2023 was a record-breaking year for cybersecurity in a bad way. Ransomware payments hit a record high of $1.1 billion, which is likely to…
You must log in or register to comment.
Still using KeepassXC on desktop and laptop and KeePassDX on mobile.
This is exactly my setup. How did you know? LOL.
File synchronized with Syncthing? :)
I use Bitwarden for passwords. Just works so well.
KeepassXC and KeePassium for TOTP codes. I keep the database in the cloud but sync a key with Syncthing that’s needed to unlock the database on the devices themselves.
Locally hosted bitwarden (vault warden) that is only accessible on your local network is the way to go. When a new sync is needed away from home, wireguard VPN to connect back in makes everything nice and secure. Otherwise most of the time the vault is cached to the device locally so you don’t need to phone home to access passwords.
Exactly my setup
My setup
I do it exactly like that, except that im connected via vpn most of the time, since my pihole is also located in my lan
KeepassXC & Syncthing
And I do keepassdx on Android, with a (phone-specific) database synced with syncthing
P.S. syncthing is fantastic: I hope more people consider hosting discovery servers and especially relays
Syncthing is so good!
I’ve been using Proton Pass since it launched and I think it’s really really good.
Positives:
- Nice integration with both desktop and mobile
- Integrated in the proton suite, which I was already using
- Allows you to generate an email alias for each login automatically. Websites will never have your real email and you can easily generate a new alias if one has been compromised
- Supports 2 factor authentication via TOTP, works really well
Negatives:
- No passkey support yet
- Free version only supports like 5 email alias
If you are into the command line, pass is also neat. You can even have your keys in a git repo and access it with a FOSS Android app (requires some dedication to set it up). It’s very useful to feed passwords to scripts without hardcoding them in the source.

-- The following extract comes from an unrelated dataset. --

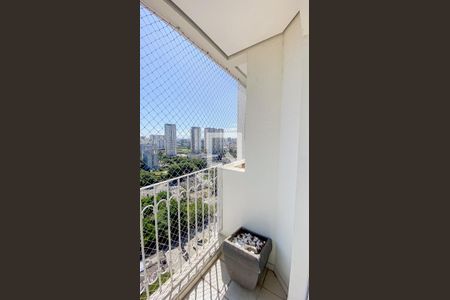 Varanda Sala de apartamento para alugar com 3 quartos, 75m² em Jardim, Santo André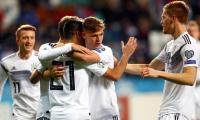 PHOTOS: Germany, Netherlands win; Wales hold Croatia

I use keepass with my database on onedrive.
Then i connect every device to said onedrive account, copy the private key manually on each device that i need to use.
I secure my databse with said private key + a passphrase.

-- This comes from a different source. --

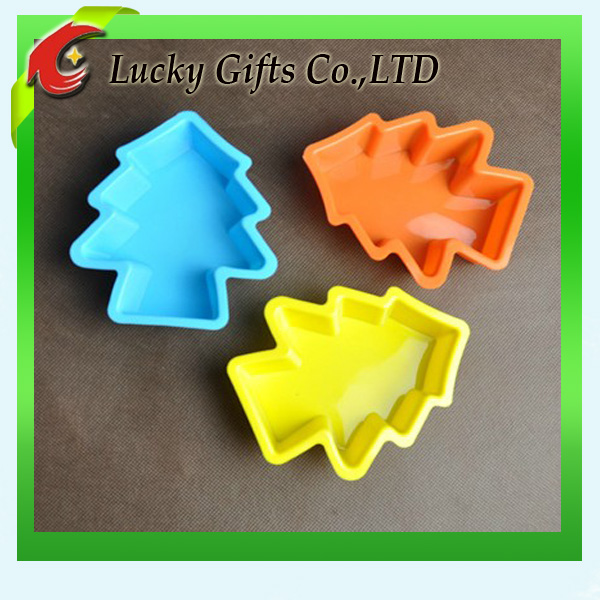 High Quality Soft Cupcake Colorful Silicone Mold For Cake Decorating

Might not be the best setup, but i feel like with passphrase+key i am secure enough to have the db file in the cloud.
you could encrypt onedrive with cryptomator
KeePass for me. I keep my encrypted vault in my 2 factor encrypted gdrive. Get the best of both worlds. No traditional cloud that’s a target for hackers and I have passes I can share across devices.
No love for Nextcloud Passwords or Passman? Both have plugins for Nextcloud and have Android Apps.
No love for Nextcloud
Pretty much in general for me now. I gave it an honest go for six years but there were at least four instances where a server upgrade required nontrivial intervention to bring it back.
Syncthing + Keepass[DX] has been solid for me.
Yes! Been using it for a long time now! Never had any (major) issues!
For Keepass users: KeepassXC can read your keepass file just fine, but KeepassXC can also run on Linux, whereas Keepass runs only on Windows.
KeepassXC with Yubikey
Ah, I suppose it’s TOTP/HOTP or HMAC challenge.
I am waiting for FIDO2 to work between keepassxc and yubikey. 🥳
I love Dashlane, someone tell me why it’s bad.
Aslo more expensive than Bitwarden for example, should u want to pay for premium.
I know they recently published the code for their clients, so that’s a plus. But I can’t find any independent audits for their architecture or clients.
While all mentioned options does have independent audits done.
I really enjoy 1Password for easy vault sharing between family members. I was able to get my (not so technically literate) siblings and dad onto my family plan. Baby steps!
Any reason why Keeper isn’t on the list? Is it bad?
Pass (Password Store)
No mention of Enpass? Stores more than just passwords, can be synced locally over wifi or in the cloud without using Enpass servers.
It’s not open source and they haven’t had a security audit in a while AFAIK, I used to use it too but migrated to Proton Pass for these reasons https://discussion.enpass.io/index.php?/topic/404-security-audit/page/6/
Been using Enpass for something like a decade and it’s been perfect. One time licenses can be found on stacksocial, I think.